En présence de Madame MEKE, greffière stagiaire.
Madame A, en application des articles 786 et 910 du Code de Procédure Civile et à défaut d’opposition a tenu l’audience pour entendre les plaidoiries et en a rendu compte à la Cour composée de :
Monsieur CHELLE, Président
Monsieur GAUTHIER, Conseiller
Madame A, Conseiller
qui en ont délibéré conformément à la loi.
dans l’affaire opposant :
APPELANTE :
Madame C D
XXX
XXX
Représentée par Maître MENDIBOURE, avocat au barreau de BAYONNE
INTIMÉE :
SARL IFPC
XXX
XXX
Représentée par Maître PELLOIT de la SCP PELLOIT BOUGUE-LACOMBE, avocat au barreau de BAYONNE
sur appel de la décision
en date du 29 NOVEMBRE 2012
rendue par le CONSEIL DE PRUD’HOMMES – FORMATION DE DÉPARTAGE DE BAYONNE
RG numéro : F 11/84
FAITS ET PROCÉDURE
Madame C D a suivi une formation d’assistante commerciale du 26 avril au 30 juin 2010 dans le cadre d’une convention action de formation préalable au recrutement entre la SARL IFPC et Pôle Emploi qui a été ratifiée par l’employeur le 16 avril 2010 et au terme de cette période, un contrat à durée déterminée a été signé le 31 décembre 2010 soumis à la convention collective des organismes de formation.
La SARL IFPC a mis fin à la relation contractuelle au terme du contrat, éléments contestés par la salariée qui prétend qu’elle a postulé pour un emploi qualifié avec une période de formation préalable avec une embauche au 1er juillet 2010 selon contrat à durée indéterminée.
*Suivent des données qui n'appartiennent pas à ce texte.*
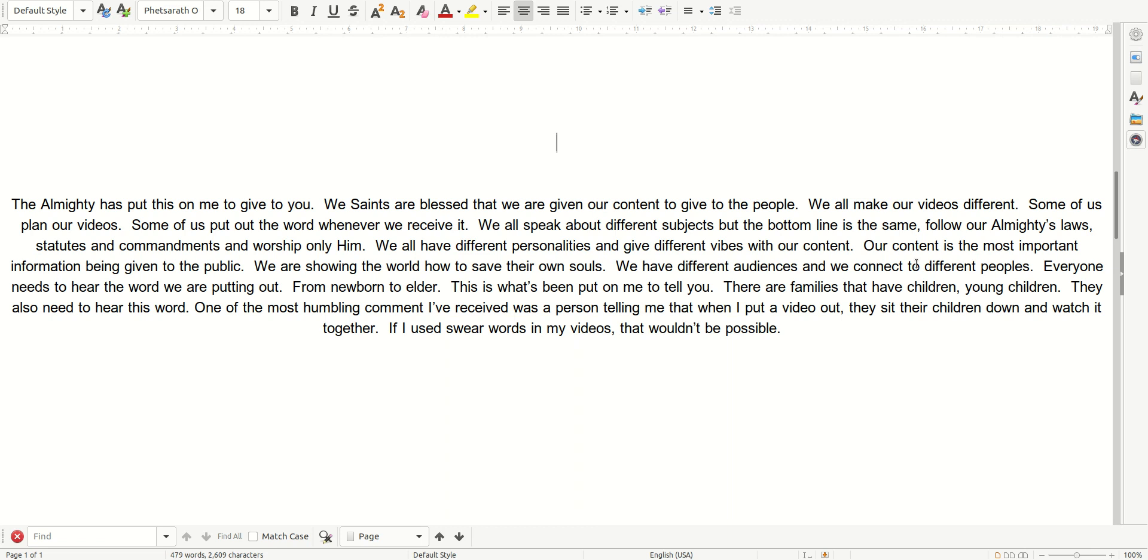We all have different personalities and give different vibes with our content. Our content is the most important information being given to the public. We are showing the world how to save their own souls. We have different audiences and we connect to different peoples.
Elle a saisi le Conseil de Prud’hommes le 7 mars 2011 pour contester sa classification, entendre requalifier le contrat qui liait les parties en contrat indéterminée avec ses conséquences de droit, demander des rappels de salaire, le paiement d’heures supplémentaires et une indemnité pour travail dissimulé.
Le Conseil de Prud’hommes de Bayonne, section activités diverses, par jugement contradictoire de départition du 29 novembre 2012, auquel il conviendra de se reporter pour plus ample exposé des faits, des moyens et de la procédure a débouté Madame C D de l’intégralité de ses demandes et laissé les dépens à sa charge.
Madame C D a interjeté appel de ce jugement le 21 décembre 2012 dans des conditions de forme et de délai qui ne sont pas discutées.
Les parties ont comparu à l’audience, par représentation de leur conseil respectif.
PRÉTENTIONS ET MOYENS DES PARTIES
Par conclusions déposées le 24 janvier 2014 et développées à l’audience, Madame C D demande à la Cour de déclarer l’appel recevable, de réformer le jugement, de requalifier le contrat de travail à durée déterminée en contrat de travail à durée indéterminée, de condamner la SARL IFPC à payer les sommes de :
624 € à titre de rappel de salaire du 12 au 23 avril 2010,
1.297,20 € à titre de rappel de salaire du 1er juillet au 31 décembre 2010,
3120 € au titre de l’indemnité de préavis,
1.560 € au titre de l’indemnité de requalification,
10.000 € au titre de l’indemnité pour licenciement sans cause réelle et sérieuse,
3.000 € au titre des dommages et intérêts pour exécution de mauvaise foi du contrat,
2.130,88 € au titre des heures supplémentaires,
9.360 € au titre du travail dissimulé,
3.000 € sur le fondement de l’article 700 du code de procédure civile,
— de condamner la SARL IFPC aux entiers dépens de première instance et d’appel.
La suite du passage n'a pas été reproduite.